Sellers came to the NFL from the Canadian Football League, and he wound up in the CFL at 19, despite not playing major college football. Sellers never took a college entrance exam. So he couldn't accept one of the athletic scholarships offered to him after he was the Washington state High School Play of the Year in 1993. Instead, he wound up at Walla Walla Community College for a year, dropped out and then bolted north of the border for a football paycheck.
And now, Don Yee, the agent of Patriots quarterback Tom Brady, is betting there are a lot of guys like Mike Sellers. And he's probably right. So he's trying to start a minor league for high school players who want to get paid to play football, after the senior prom, without having to go to college where they play basically for free. Yee
calls his deal the Pacific Pro Football League.

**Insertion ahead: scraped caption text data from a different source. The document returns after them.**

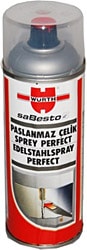 Würth 400 ml Paslanmaz Çelik Bakım Spreyi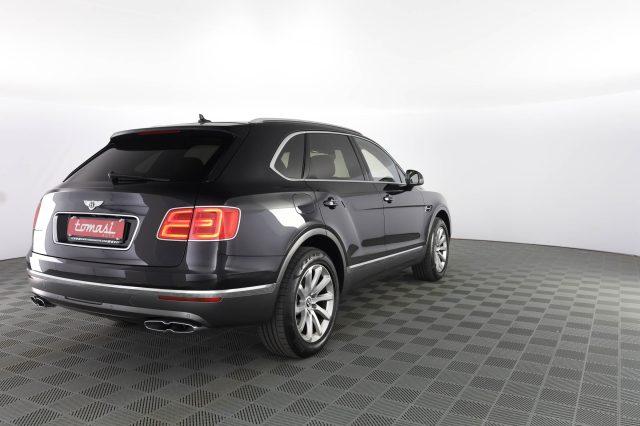 BENTLEY Bentayga Bentley Bentayga Diesel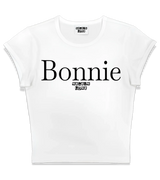 1 white Status Baby Tee black bonnie #color_white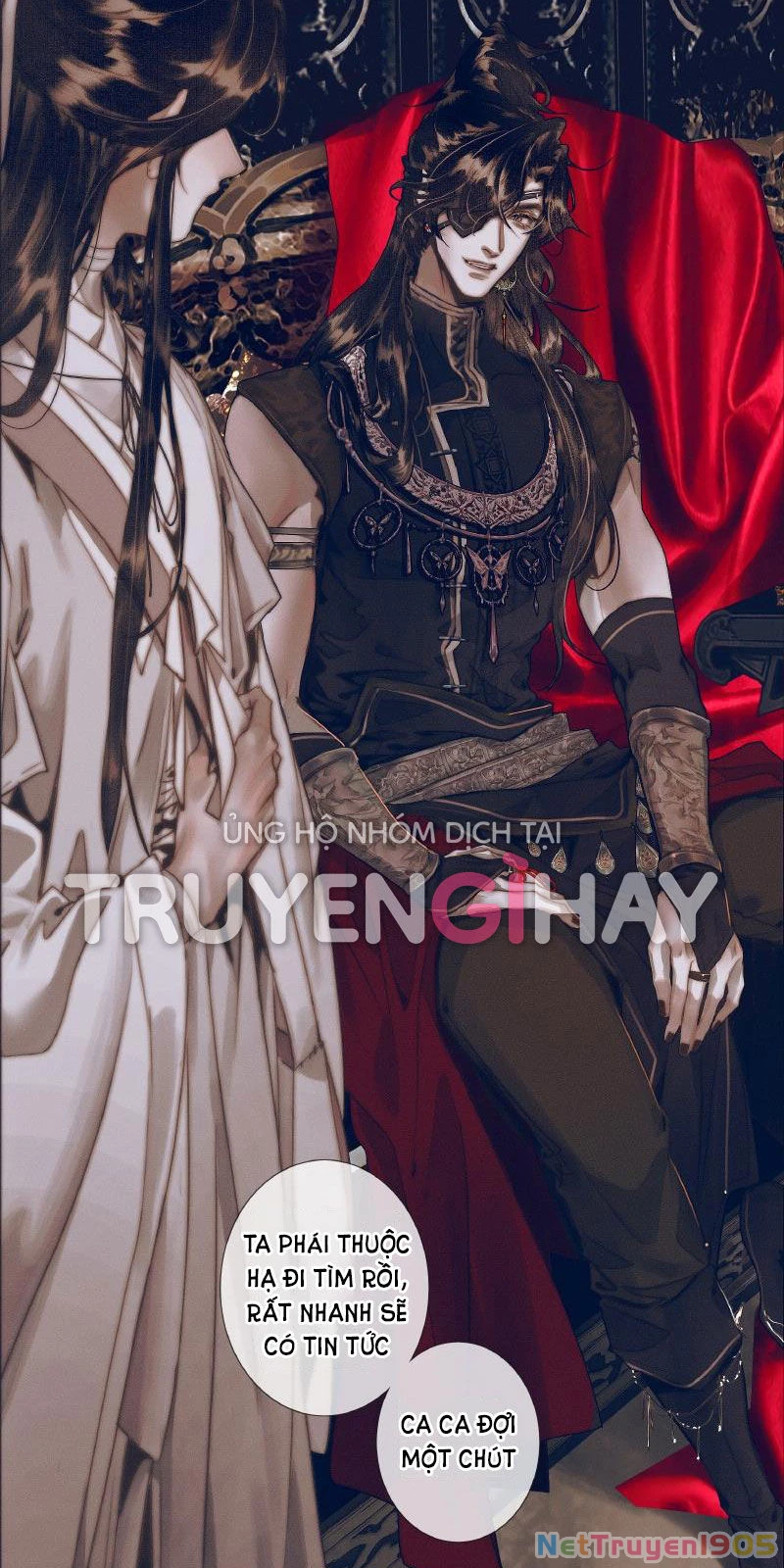 Thiên Quan Tứ Phúc - Bách Vô Cấm Kỵ Chapter 78 - 18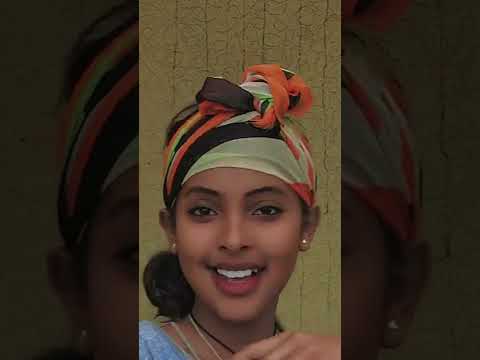 Ethiopian TikTok Oromo TikTok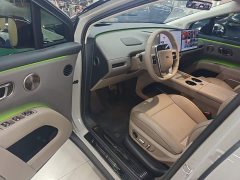 Li Auto i8 Standard Edition - photo 15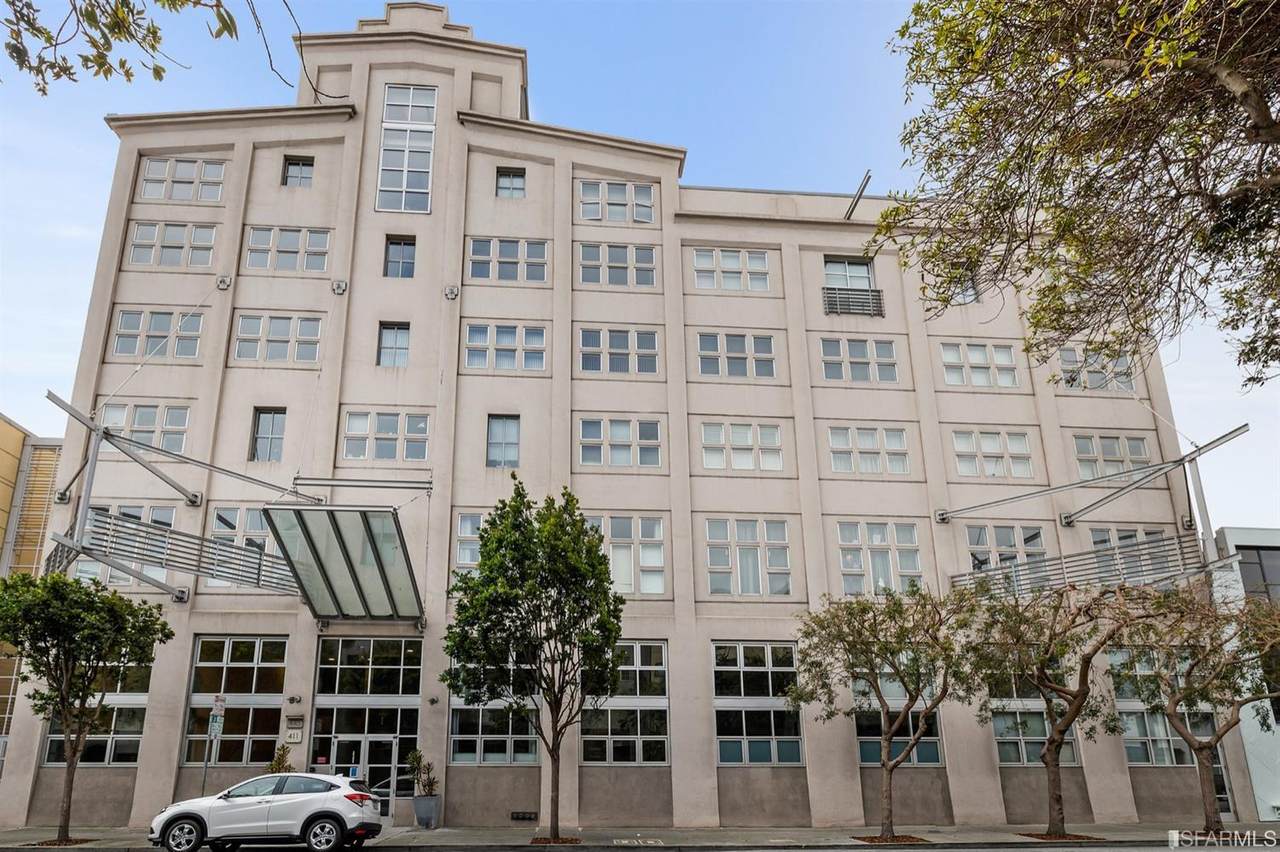 411 Francisco Street - Photo 1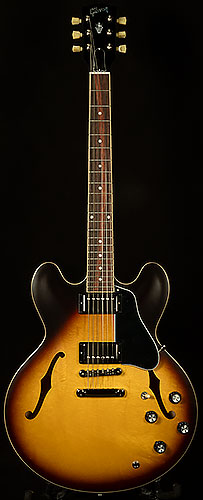 ES-335 Satin Dot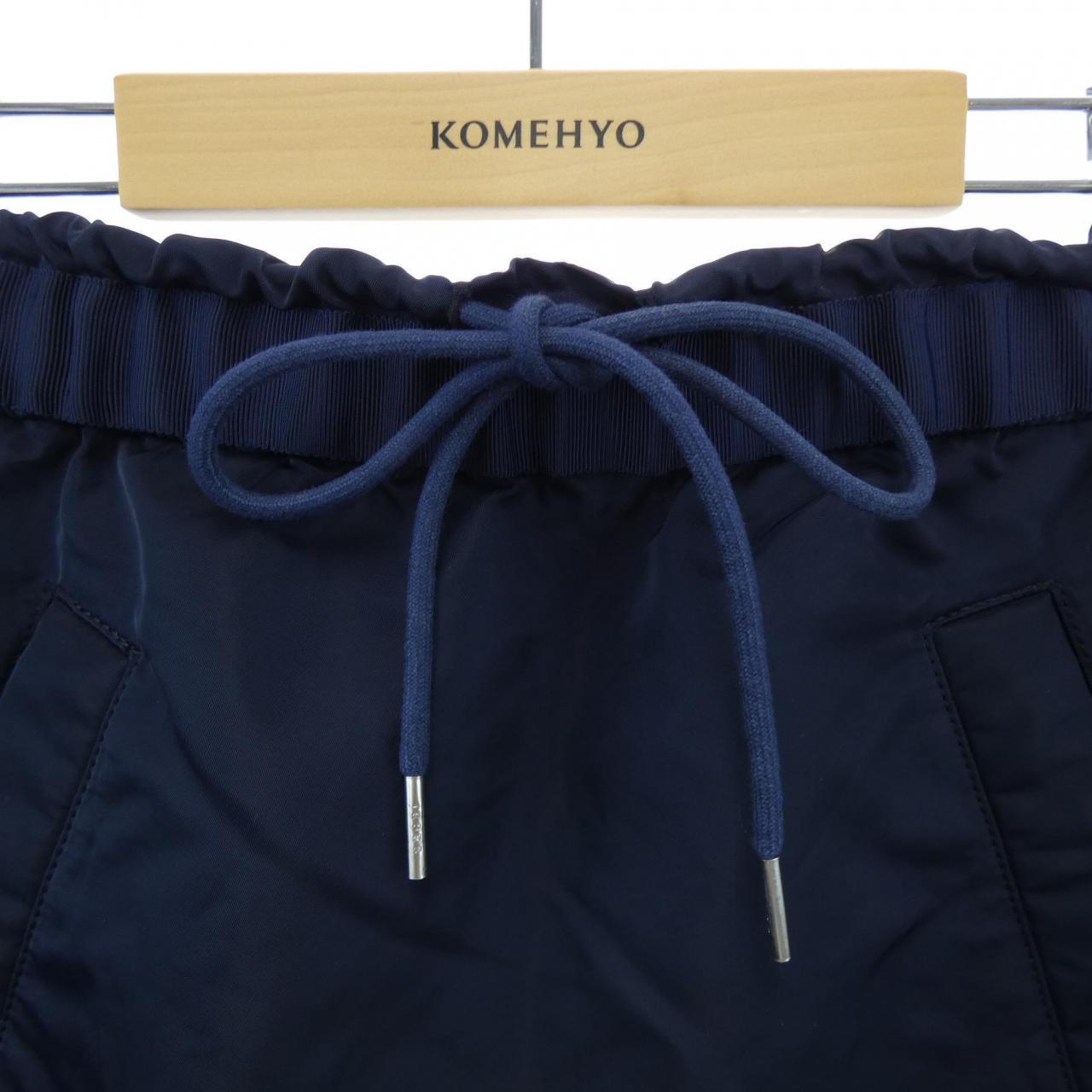 サカイ SACAI SCW-003 スカート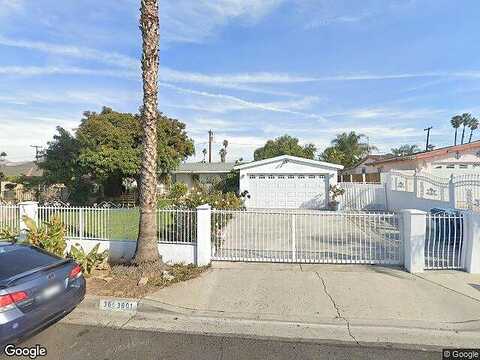 Briarvale, CORONA, CA 92879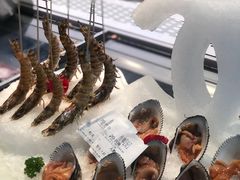 -神洲四海大酒楼(王府井澳门中心店)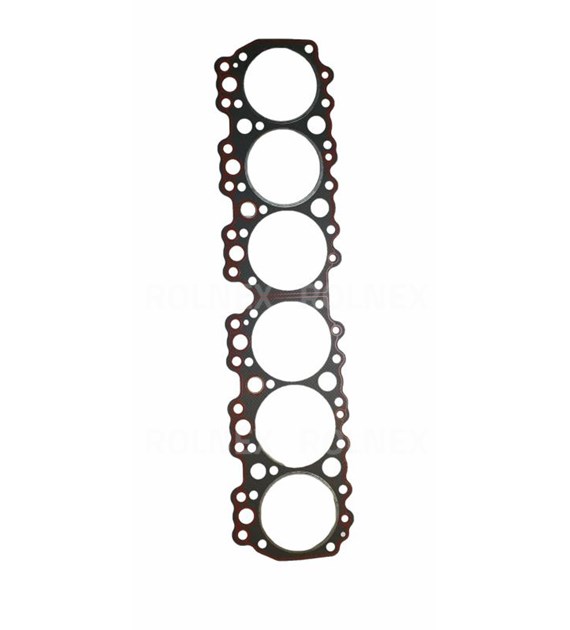 USZCZELKA GŁOWICY MTZ 1221 metal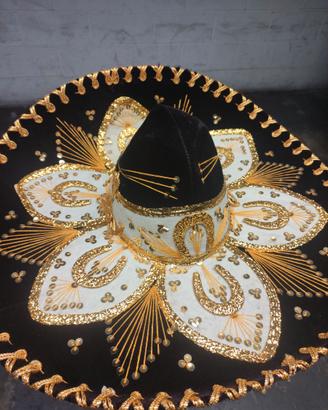 Sombrero originale messicano
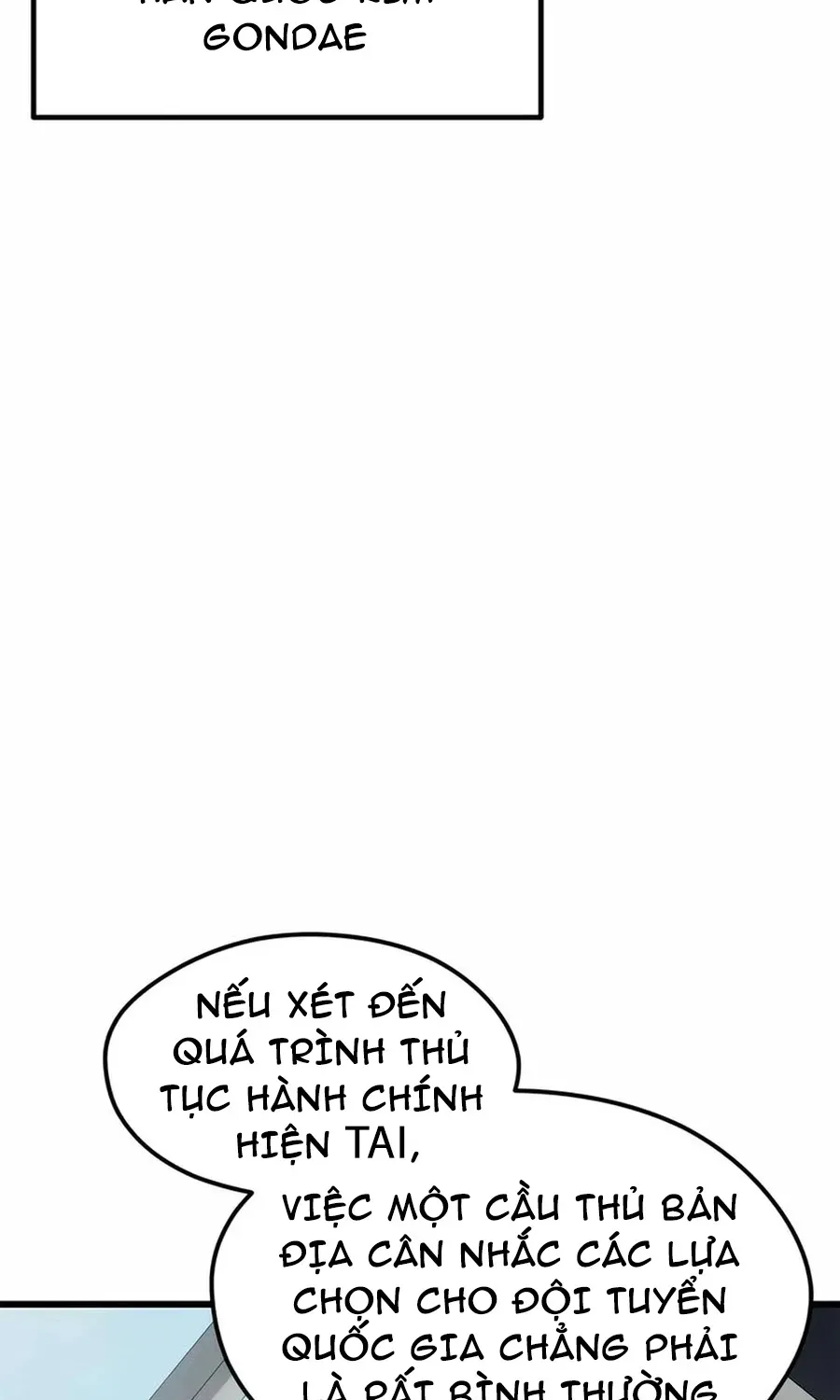 Tôi Bị Hiểu Lầm Là Siêu Sao Trên Sân Cỏ Chapter 68 - 115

He wants it to kick off a six-game schedule in the summer of 2018, with four teams in and around - where else? - that pro football hotbed of America, Los Angeles.
How did LA go from not having a single NFL team for 21 years to gaining two virtually overnight - and now a minor pro league? But I digress.
Yee proposes to pay players $50,000 with benefits, worker's comp, a 401(k) plan and free community college tuition, or basically do for college-age football players what the multibillion-dollar college football industry should and could be doing for them now. Did you see how much extra Clemson coach Dabo Swinney got for beating Alabama in the college football national championship? Upwards of $1 million to go on top of his $5 million annual salary.
Swinney's players got attaboys, T-shirts, swell ball caps and fake jeweled rings. College-spending rules say the players, who sweat and bleed for coaches and colleges that rake in millions, can only get a few hundred dollars' worth of kitschy gifts for winning the whole thing. And that's the problem.
College football, one of the two cash cows of the NCAA, is under unprecedented legal and moral pressure to give college players a more equitable slice of the pie. As noble as it sounds, Yee's league threatens to let college football off the hook.
MARTIN: That was sports commentator Kevin Blackistone.